How can you identify or predict how job- and work-level changes affect the organization? There are, in my opinion, four dimensions that play a role.

 Value-add role design as an enabler of decision making

The first dimension is the most obvious one. It starts by understanding how the Industry 4.0 technologies might enable the transformation of your strategy. You consider how work must change to support those organizational and strategic outcomes. The essence here is to find out what kind of decision making, often closer to the client, needs to be integrated in the new roles. This often creates a reshuffling of the accountability towards clients, towards innovation, towards the management of resources and towards planning and coordination. It is quite feasible to integrate artificial intelligence in customer service. But the real questions are different. For example, whether customer service representatives

  • should sell based on their understanding how multiple products connect with each other (in the IoT era) (= accountability towards clients),  
  • should also formulate new product design ideas as they coach customers on how to make use of the companies digital platform (= accountability towards innovation),
  • should have a budget to build a full understanding of the AI-generated data (= accountability towards resources), or
  • should plan for how the work shifts following the integration of data from sensors, information processing automation and analysis powered by AI (=accountability towards planning and coordination)?

These questions are all related to the essence of the value-add one can expect from a role, and how this value-add is supporting the larger whole. Overlooking the role design is one of the dimensions that creates instability in the organization.

 Guarantee a shared focus in team or circle design

The second dimension is less obvious. Thanks to the new technologies and the strong customer approaches, employees work in multiple teams. The customer service representatives start with a more intense collaboration with their product design, IT, marketing & sales colleagues, and others. We often take collaboration for granted and we sometimes forget to think through the relationships between roles when we design them. The way in which responsibilities are defined in roles determines the attention focus of the role holders. A focus on ‘quality and service delivery’ will focus on the short term, while a focus on ‘continuous improvement’ will extend the time horizon somewhat, and a focus on ‘operational processes’ will be tackled with a more medium-term focus. Team dynamics are influenced by the extent to which one succeeds in creating a certain agreement in foci in teams. Too large differences in expected added value creation in roles can lead to tensions in teams and substandard performance of the team as a whole. This is a second dimension that creates instability in the organization.

 Avoid overlap in reporting relationships

The third dimension has to do with the structure of the organization. The basic idea here is that every higher role in a reporting structure should add value to the underlying role. This means that coordinating roles must be designed at a higher level of complexity than those that they need to coordinate. If data interpretation becomes more important in certain employee roles (an assignment that may have previously been the manager), then the role of the manager should evolve into thinking through interdependencies and processes through which new product, technology and market combinations can be realized. If shifts in single roles are not thought through the reporting lines, (unintentional) overlaps between functions arise. Poor alignment is a significant barrier to optimal performance. It creates instability and is detrimental for an effective strategy execution.

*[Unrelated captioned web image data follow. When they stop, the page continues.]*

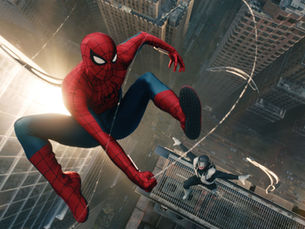 Spider_man est de retour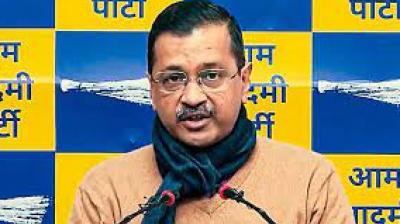 Arvind Kejriwal skips 7th ED summon today latest news 
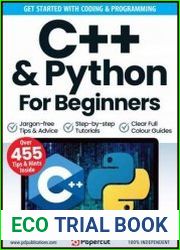 C++ & Python for Beginners - 15th Edition, 2023 - BOOKS - PROGRAMMING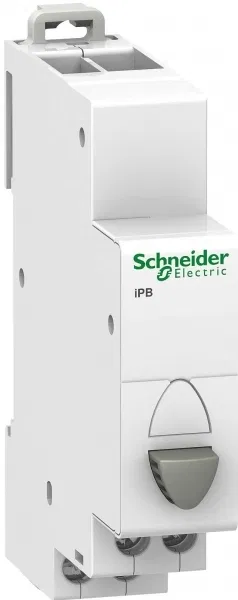 Кнопка управления iPB 1НЗ сер. Schneider Electric A9E18030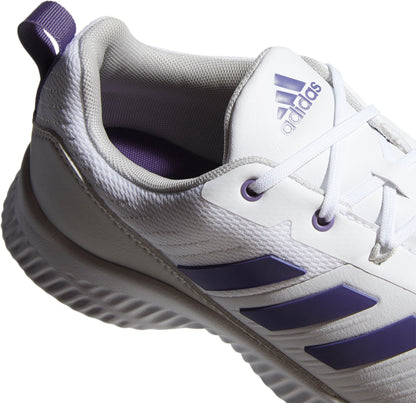adidas Response Bounce 2 Womens Golf Shoes - White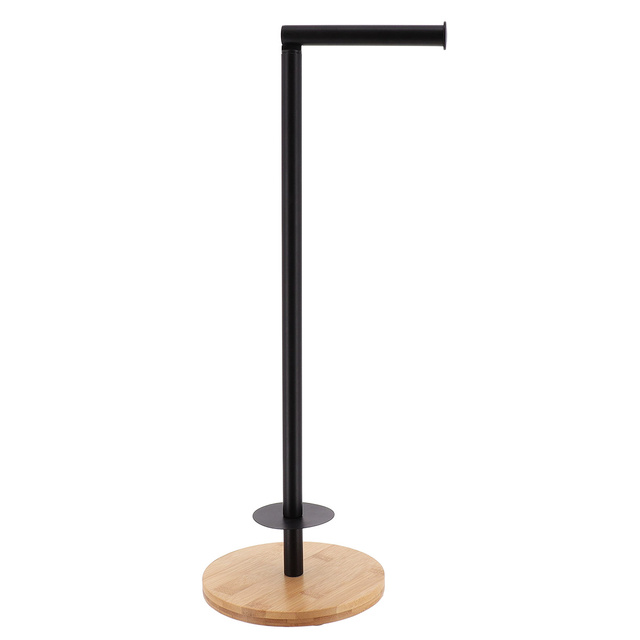 Suport pentru hârtie igienică cu rezervă, Ø18 x 68,5 cm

 Employees interpret their reality

A final dimension is the least known, and has to do with the way in which individual employees deal with complexity (De Visch, J & Laske, O, 2018). Complexity management starts from the way individuals interpret their reality. Each individual constructs his/her own world both social-emotionally and cognitively and lives in his/her own psychological bubble. This bubble, influenced by one’s level of adult development, determines what one understands the organization wants to become, and how one will reinterpret the expected value-add in a role. When someone's development is inadequate for a particular role, he/she will narrow the role and will not be able to take the full complexity of a challenge into decision-making. When someone exceeds what is necessary for a certain role, he / she will broaden the role and take responsibility for matters that are not immediately in his / her area of responsibility. If this is not adressed, this can become an important source of irritation between team members, and result in increased instability in collaborative relationships.

 

In summary, the real impact of Industry 4.0 technologies is related to the way in which the organization is thought through. If this is not the case, build a Jenga tower, move your blocks and create instability. This is at the expense of the results.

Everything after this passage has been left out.